Monday, April 26, 2010

Hello. I'm Lost

Have any of you seen Lost? I haven't. It has a hugely loyal cult following in spite of the fact that it makes absolutely no fucking sense at all. Husband watched it. Stopped watching it. Watched it again. He gave up when he lost the will to follow it anymore. Then they dragged him back in. He still doesn't understand it, but he's going along with it.

What cracks me up is hearing people try to summarize it. They've watched it non-stop, try to make sense of all the nonsense, try to predict how it will all end, and end up proving that nobody understands it. So I thought, since I've never seen anything more than 5 minutes of the show at a time, I thought I'd try to summarize what the show is all about.

So hereby I give you Decca's Guide to Getting Lost:

- There was a plane crash.
- There was an island.
- There was a handsome doctor guy who is either good or bad, depending upon the episode.
- There is this hot con woman chick who is either good or bad, depending upon the episode.
- There is a bad guy who may or may not be either good or bad, depending upon the episode.
- There is a fat guy who is always good.
- There is a Middle Eastern/Israeli/Indian spy guy who is either....well, you know.
- There is a formerly crippled bald guy who seems to change personas every scene. And who may or may not be god/satan/or a pillar of smoke/his own father.
- The island has a hatch with cryptic stuff inside, like a count-down machine and a completely different plane of existence.
- The aforesaid plane of existence seems to have also experienced a crash.
- In addition to polar bears and palm trees, this island comes complete with other communities, torture cells, and endless supplies of flashbacks, flashfowards, flashsideways, flashdowns, and flashups.
- It is apparently not a good idea to either have a kid or be a kid on this island.
- It is also, apparently, not a good idea to be Korean.
- Laws of time, relativity, space and logic are not observed on the island. According to the island any of us could be leading any number of parallel lives at any place and any time in our own special way.
- On the island it is extremely important that you notice every single person you come across in your day because the fact that the woman who works at Starbucks looks exactly like the woman who sat in Row 47b is a clue to who you are and what is going on around you.

The funny thing about all this is that I don't make any less sense in this synopsis than one written by anyone who is loyal to the show. No....really!

3 comments:

Duke said...

I've never watched Lost but I had the impression it was simply a rip off of the old British Prisoner TV show from 1967. That show was very good however, while Lost seemed like crap.

But like I say, I never watched Lost and even tried to close my eyes when it was advertised because it hurt my brain.

FinnyKnits said...

That show enraged me. And went on WAY too long.

Sure - the producers have known how it's going to end from the very beginning.
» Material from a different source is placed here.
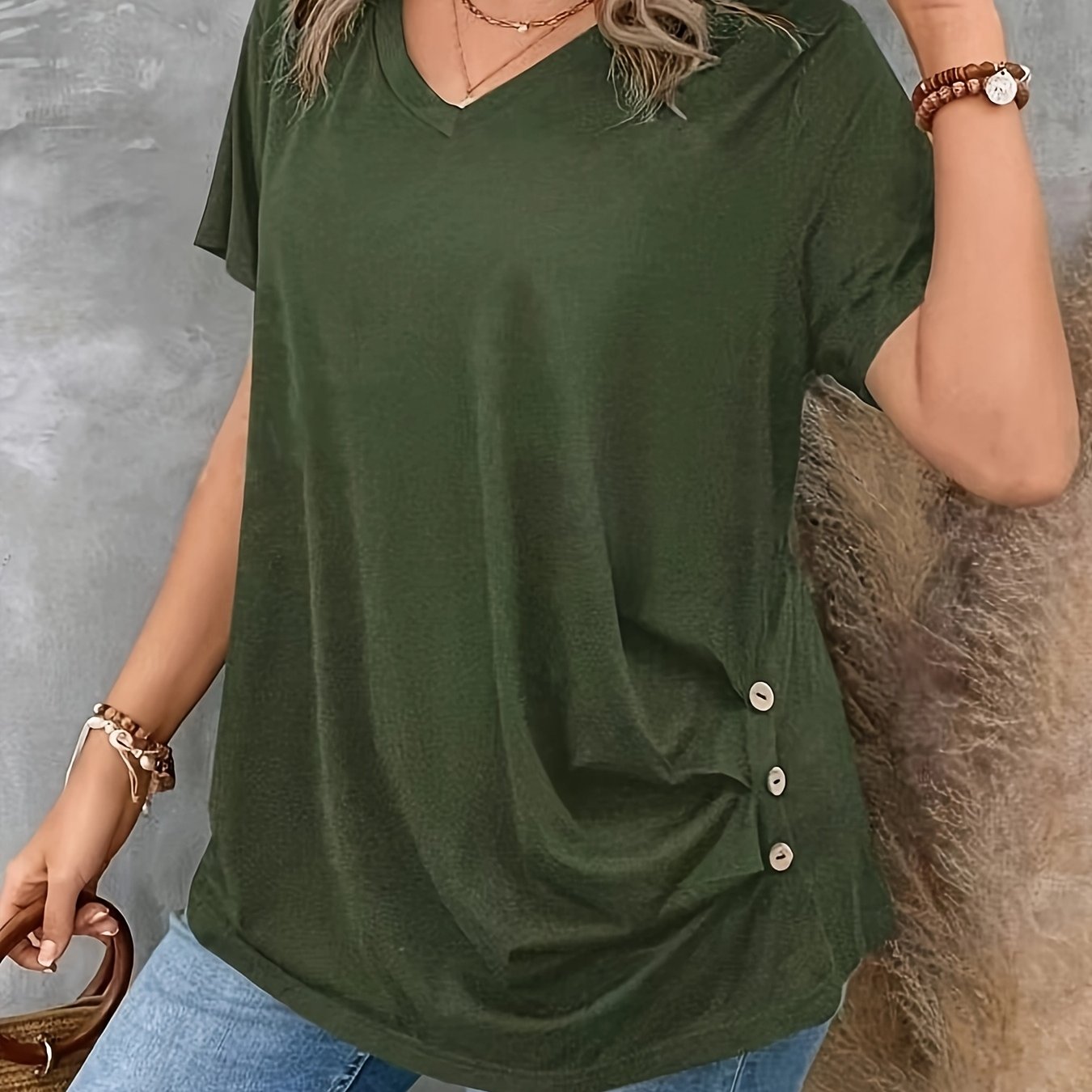 Plus Size Women's V-Neck Button T-Shirt Polyester Casual Short Sleeve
Uh-huh.

I believe that about as much as I believe in phantom polar bears and Charlie from Party of Five being a heroic/demonic doctor survivor of a plane wreck.

Bullhonkery, that's what that show is.

Molly said...

I came late to the LOST party, but am now a devoted fan. It can be quite ridiculous of course, but when they make a reference in Season 6 to something that happened in Season 2 (and when you re-watch Season 2 it suddenly takes on a whole new meaning), your devotion is rewarded. But for me, the appeal can be summed up in one word: Desmond.